WORK INSTRUCTION. Retype all data exactly as given. Pictures should not be retyped.

DATA BELOW.
----------

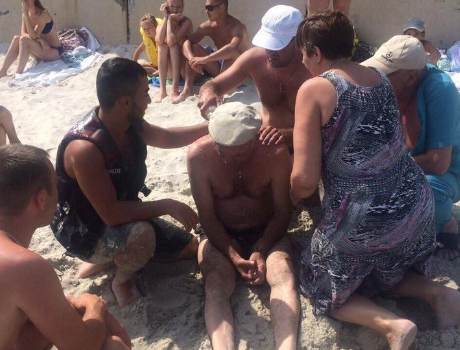 Пьяный мужчина чуть не утонул на пляже в Одессе, из воды его вытащил спасатель (фото) «фото»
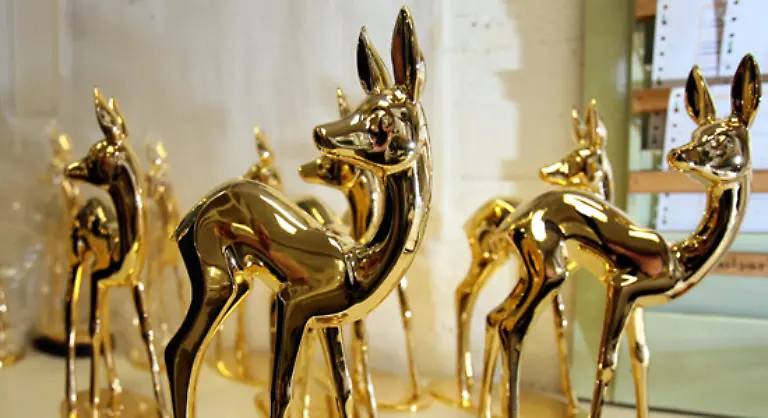 Fuer-seine-schauspielerischen-Kuenste-in-Silas-bekam-Bach-sogar-einen-Bambi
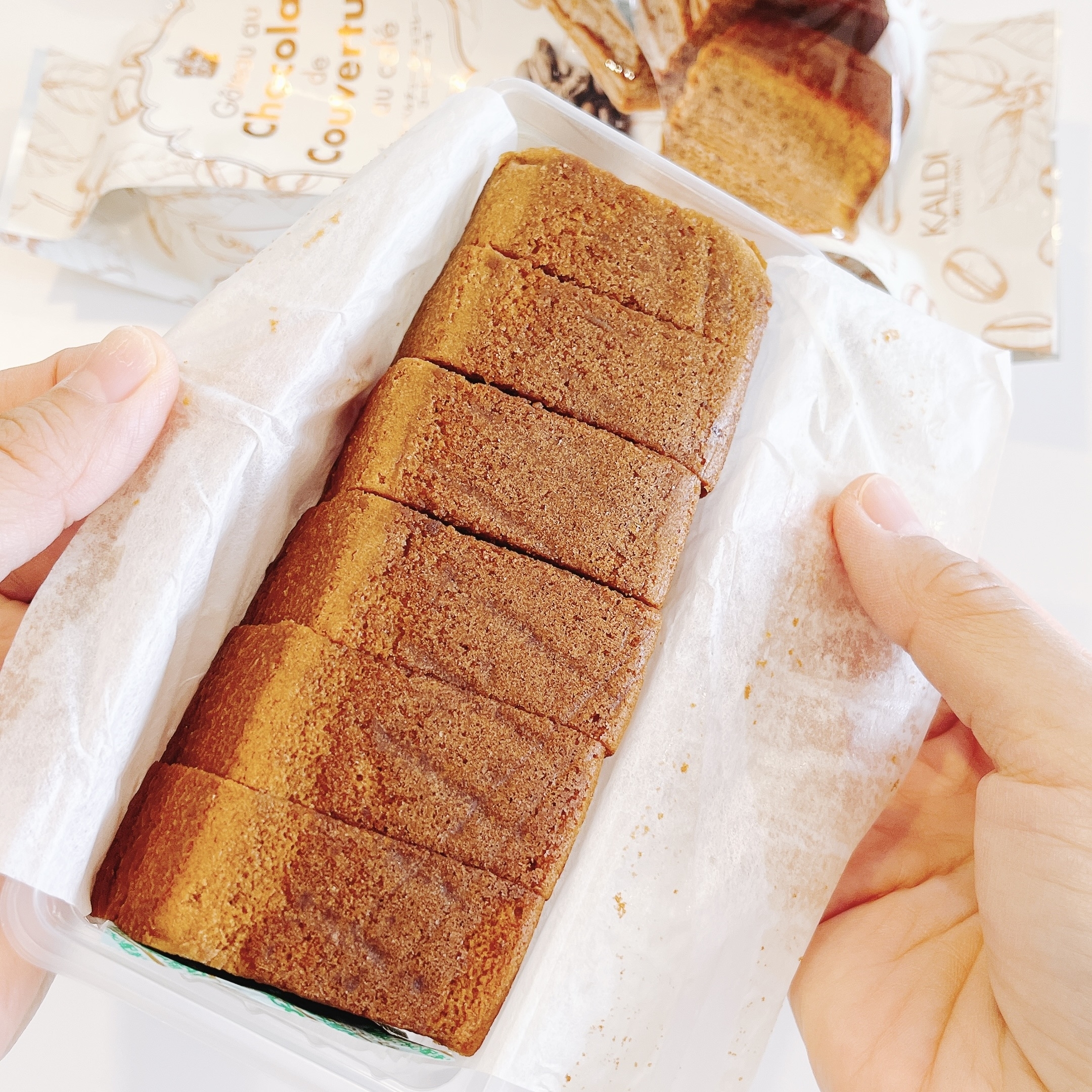 カルディのオススメのスイーツ「クーベルチュールチョコレートコーヒーケーキ」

----------

OUTPUT FOR THIS TASK.
 Пьяный мужчина чуть не утонул на пляже в Одессе, из воды его вытащил спасатель (фото) «фото»
 Fuer-seine-schauspielerischen-Kuenste-in-Silas-bekam-Bach-sogar-einen-Bambi
 カルディのオススメのスイーツ「クーベルチュールチョコレートコーヒーケーキ」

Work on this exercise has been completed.